To recap: On each loop / frame, you flip the screen buffers and get the time of the flip in the vbl variable. In the next loop, you time the next flip according to the last one, i.e. vbl + [some number of seconds]. Thus your line of code is both using the previous value of vbl in the function call, and setting it to a new value which the function returns. vbl is updated on a rolling basis. vbl is the 'vertical blanking' time, a pretty accurate estimate of when your monitor actually refreshed*, so aligning frames to this is a good idea.

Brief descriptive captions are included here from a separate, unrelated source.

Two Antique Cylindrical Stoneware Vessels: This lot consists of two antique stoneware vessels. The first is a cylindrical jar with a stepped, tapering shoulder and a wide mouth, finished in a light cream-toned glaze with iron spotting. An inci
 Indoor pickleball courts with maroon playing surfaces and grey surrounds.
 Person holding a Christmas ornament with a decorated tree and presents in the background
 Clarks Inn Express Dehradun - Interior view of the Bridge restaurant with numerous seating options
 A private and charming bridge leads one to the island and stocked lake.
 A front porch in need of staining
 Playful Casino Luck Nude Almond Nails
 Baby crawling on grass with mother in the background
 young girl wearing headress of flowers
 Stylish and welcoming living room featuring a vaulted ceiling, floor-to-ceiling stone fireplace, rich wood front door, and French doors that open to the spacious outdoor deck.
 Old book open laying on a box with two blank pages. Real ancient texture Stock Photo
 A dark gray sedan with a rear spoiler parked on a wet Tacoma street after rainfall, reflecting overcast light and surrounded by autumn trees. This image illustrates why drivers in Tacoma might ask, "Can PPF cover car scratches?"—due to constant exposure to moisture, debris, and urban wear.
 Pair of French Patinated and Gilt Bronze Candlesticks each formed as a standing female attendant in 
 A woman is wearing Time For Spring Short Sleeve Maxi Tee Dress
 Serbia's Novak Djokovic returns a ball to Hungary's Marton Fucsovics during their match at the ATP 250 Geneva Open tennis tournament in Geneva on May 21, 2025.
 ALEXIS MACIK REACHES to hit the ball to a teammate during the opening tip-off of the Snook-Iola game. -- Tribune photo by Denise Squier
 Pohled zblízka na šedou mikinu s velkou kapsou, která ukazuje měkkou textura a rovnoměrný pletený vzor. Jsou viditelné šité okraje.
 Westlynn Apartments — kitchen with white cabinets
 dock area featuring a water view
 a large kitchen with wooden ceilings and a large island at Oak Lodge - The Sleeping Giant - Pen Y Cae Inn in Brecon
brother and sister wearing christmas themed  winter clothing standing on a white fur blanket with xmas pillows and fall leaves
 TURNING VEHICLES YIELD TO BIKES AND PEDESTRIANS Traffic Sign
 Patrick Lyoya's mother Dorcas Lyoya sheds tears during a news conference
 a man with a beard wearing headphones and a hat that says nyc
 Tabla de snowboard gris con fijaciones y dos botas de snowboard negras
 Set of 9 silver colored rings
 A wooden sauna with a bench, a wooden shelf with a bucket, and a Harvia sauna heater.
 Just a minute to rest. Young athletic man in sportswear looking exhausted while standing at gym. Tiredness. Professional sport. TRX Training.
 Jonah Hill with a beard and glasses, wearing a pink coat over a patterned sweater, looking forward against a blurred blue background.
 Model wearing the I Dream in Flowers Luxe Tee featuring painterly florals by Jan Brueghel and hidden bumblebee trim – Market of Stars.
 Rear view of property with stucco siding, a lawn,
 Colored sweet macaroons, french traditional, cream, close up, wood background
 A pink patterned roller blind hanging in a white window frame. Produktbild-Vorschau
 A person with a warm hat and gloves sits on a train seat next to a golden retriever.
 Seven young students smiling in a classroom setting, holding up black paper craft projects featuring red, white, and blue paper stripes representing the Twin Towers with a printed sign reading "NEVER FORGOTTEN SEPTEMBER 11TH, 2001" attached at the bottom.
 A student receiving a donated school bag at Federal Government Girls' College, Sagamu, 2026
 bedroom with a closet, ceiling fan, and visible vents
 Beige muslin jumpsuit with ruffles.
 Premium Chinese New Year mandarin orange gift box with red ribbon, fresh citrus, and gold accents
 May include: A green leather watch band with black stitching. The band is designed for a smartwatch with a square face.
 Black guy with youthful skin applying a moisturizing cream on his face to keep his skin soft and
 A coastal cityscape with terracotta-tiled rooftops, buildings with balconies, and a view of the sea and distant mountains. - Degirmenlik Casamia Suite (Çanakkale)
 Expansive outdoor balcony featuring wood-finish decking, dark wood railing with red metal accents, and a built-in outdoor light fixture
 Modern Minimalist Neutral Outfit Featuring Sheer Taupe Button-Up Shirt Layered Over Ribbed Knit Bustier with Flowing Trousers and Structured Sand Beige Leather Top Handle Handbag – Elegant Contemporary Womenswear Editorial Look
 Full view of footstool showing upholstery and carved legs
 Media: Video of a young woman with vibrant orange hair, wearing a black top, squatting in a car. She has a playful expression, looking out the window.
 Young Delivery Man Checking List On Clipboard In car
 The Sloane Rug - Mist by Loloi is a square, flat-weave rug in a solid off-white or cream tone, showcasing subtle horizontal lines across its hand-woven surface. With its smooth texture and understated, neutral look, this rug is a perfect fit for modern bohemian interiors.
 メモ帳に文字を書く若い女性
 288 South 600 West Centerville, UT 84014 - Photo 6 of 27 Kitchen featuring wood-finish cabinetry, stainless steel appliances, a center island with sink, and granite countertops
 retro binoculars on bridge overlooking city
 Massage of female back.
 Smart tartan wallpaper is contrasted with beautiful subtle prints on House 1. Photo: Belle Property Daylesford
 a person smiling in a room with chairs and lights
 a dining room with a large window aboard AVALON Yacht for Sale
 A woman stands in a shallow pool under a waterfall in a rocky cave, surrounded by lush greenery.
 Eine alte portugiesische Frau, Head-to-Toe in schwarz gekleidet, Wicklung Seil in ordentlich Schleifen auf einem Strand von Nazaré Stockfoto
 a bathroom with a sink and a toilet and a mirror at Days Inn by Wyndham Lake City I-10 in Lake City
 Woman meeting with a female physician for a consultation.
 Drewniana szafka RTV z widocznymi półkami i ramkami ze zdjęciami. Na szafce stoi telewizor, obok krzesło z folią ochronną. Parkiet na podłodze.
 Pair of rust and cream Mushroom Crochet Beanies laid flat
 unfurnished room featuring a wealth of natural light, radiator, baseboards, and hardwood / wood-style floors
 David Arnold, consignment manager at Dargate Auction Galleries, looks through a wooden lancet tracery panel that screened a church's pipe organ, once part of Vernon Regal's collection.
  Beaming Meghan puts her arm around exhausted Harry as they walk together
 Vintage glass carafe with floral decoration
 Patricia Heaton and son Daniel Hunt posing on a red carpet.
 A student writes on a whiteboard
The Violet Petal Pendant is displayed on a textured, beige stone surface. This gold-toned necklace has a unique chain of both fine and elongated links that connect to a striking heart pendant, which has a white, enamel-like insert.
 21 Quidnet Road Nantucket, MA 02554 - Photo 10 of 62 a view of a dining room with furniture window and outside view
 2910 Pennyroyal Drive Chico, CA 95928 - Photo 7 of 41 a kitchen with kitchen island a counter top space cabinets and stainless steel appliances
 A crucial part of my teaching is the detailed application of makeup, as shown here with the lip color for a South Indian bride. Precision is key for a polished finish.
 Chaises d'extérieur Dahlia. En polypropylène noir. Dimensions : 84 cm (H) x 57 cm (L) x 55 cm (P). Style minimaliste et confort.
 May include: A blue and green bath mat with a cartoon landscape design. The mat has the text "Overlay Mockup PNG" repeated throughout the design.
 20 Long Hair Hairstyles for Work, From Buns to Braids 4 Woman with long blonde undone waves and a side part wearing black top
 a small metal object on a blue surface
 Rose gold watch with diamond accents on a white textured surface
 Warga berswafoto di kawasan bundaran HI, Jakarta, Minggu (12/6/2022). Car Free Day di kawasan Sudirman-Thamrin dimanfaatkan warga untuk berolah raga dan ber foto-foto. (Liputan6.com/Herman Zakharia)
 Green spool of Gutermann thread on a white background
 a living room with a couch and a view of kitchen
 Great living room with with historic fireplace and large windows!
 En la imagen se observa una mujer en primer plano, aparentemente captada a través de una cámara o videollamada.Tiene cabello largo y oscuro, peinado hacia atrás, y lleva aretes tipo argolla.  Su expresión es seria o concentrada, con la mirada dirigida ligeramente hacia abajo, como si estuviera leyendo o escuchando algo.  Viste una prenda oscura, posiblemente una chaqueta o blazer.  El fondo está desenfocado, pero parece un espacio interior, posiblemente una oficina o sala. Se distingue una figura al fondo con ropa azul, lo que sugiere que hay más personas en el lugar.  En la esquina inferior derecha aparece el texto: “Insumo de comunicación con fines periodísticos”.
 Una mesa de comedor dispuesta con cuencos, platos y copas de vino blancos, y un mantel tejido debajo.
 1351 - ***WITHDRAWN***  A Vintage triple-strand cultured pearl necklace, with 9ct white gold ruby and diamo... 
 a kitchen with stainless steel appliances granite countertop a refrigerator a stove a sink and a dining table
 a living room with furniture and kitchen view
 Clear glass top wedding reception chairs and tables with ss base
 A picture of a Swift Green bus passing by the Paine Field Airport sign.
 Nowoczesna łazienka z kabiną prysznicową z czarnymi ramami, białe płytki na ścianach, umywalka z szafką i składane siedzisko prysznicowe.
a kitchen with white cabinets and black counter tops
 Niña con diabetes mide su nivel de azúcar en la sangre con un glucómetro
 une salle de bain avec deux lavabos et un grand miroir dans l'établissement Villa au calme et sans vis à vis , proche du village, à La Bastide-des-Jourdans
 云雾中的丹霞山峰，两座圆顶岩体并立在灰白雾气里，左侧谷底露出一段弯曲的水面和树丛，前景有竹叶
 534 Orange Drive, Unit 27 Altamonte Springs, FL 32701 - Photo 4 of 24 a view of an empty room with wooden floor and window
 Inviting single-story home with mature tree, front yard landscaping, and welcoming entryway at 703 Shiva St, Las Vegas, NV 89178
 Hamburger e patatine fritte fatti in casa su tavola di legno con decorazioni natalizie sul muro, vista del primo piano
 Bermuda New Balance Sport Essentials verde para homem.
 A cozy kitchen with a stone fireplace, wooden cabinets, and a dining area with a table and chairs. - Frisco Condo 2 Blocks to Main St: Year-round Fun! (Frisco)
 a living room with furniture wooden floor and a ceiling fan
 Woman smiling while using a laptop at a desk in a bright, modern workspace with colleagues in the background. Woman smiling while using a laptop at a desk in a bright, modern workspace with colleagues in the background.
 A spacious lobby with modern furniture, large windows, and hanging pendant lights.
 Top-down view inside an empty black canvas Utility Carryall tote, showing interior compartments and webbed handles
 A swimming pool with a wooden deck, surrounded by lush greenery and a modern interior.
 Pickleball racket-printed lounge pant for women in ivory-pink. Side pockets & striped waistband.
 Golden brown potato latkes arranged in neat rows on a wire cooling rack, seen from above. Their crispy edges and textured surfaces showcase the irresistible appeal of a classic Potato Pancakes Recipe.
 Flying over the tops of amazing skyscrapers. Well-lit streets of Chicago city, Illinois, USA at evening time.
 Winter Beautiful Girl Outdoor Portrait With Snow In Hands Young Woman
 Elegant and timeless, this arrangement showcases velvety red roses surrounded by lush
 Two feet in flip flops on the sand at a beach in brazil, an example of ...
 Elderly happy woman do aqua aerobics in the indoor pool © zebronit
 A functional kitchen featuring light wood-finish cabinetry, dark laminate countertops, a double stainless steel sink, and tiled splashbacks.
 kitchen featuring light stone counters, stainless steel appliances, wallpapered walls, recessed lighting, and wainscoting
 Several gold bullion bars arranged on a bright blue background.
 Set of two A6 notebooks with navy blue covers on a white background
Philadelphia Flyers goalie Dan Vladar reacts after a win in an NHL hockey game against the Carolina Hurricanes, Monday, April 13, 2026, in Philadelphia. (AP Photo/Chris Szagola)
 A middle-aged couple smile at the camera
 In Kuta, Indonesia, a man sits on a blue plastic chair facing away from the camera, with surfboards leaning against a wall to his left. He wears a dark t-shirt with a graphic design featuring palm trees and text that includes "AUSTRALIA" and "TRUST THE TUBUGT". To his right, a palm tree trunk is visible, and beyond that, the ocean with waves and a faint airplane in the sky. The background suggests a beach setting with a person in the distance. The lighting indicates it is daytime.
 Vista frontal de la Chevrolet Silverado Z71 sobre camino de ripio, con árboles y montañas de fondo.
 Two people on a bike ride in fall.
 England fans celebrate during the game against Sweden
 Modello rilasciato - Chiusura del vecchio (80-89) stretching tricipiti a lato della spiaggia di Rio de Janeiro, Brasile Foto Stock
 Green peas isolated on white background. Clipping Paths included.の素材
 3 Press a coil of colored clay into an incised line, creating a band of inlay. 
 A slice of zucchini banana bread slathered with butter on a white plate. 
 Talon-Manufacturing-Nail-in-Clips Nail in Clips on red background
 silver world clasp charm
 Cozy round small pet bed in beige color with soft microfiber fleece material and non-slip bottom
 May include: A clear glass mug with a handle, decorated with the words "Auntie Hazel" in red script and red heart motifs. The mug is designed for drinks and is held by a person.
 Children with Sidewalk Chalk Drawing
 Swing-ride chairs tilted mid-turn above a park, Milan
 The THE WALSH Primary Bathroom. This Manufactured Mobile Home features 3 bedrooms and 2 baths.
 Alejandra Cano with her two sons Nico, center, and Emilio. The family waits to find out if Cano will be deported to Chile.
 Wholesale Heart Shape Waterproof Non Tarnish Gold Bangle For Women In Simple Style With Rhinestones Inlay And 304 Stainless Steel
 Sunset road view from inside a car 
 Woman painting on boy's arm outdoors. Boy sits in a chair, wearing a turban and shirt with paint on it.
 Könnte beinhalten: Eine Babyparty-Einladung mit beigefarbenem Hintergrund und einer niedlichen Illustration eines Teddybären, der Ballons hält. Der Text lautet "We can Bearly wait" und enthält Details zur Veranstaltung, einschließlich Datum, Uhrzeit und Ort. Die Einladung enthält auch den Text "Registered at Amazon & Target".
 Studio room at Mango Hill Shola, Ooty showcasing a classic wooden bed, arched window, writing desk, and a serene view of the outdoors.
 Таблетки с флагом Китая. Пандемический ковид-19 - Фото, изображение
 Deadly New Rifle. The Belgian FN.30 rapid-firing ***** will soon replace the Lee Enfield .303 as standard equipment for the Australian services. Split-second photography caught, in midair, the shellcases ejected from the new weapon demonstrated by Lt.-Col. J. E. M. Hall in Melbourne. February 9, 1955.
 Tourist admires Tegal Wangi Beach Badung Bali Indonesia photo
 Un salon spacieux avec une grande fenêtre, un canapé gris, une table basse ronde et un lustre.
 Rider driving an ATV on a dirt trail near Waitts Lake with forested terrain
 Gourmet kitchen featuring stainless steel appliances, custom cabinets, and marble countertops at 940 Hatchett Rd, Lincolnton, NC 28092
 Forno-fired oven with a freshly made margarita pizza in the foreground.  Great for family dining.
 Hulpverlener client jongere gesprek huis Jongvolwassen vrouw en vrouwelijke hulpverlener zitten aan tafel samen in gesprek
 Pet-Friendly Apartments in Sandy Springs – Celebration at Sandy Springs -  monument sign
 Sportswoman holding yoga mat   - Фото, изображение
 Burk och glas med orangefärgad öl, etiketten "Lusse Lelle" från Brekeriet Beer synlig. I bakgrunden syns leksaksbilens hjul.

The question is how far ahead from the last vbl to do the next flip. As Alex said, ifi is the time between refreshes, or 1/[your monitor refresh rate in Hz]. Lets ignore waitframes for now and assume you want to flip on every monitor refresh, i.e. waitframes = 1.

Then your line of code simplifies to

vbl  = Screen('Flip', window, vbl + ifi/2);

so we are asking to flip half an ifi before the next refresh. Why not just ask to flip on the next refresh, i.e. vbl + ifi? Because that sum is a floating-point calculation and may contain small rounding errors. Screen('Flip') can only swap the screen buffers on the next monitor refresh, so what happens if the error in that sum slightly overshoots? Then you've just asked for a flip time slightly beyond the monitor refresh you actually wanted, and PTB has to wait almost an entire ifi to actually flip**.

So we ask for a flip time some amount (less than ifi) before the desired monitor refresh - ifi/2 is reasonable. We're really saying "do the next flip ASAP after vbl+ifi/2", knowing both that Screen('Flip') can't actually do it prior to the refresh, and safe in the knowledge that we have ifi/2 leeway to absorb minor inaccuracies in the timing calculation.

The arithmetic of waitframes is left as an exercise for the reader.

*assuming PTB is set up correctly to play nice with your hardware - pay attention to those warning messages!

**Even worse, this might not show up in PTB's errors e.g. the dropped frame count, because PTB has achieved what you asked it: flipped the buffers on the next monitor refresh from your specified time. In that case the only way you'd know your experiment was lagging and presenting mis-timed stimuli would be if you happened to spot it during runtime!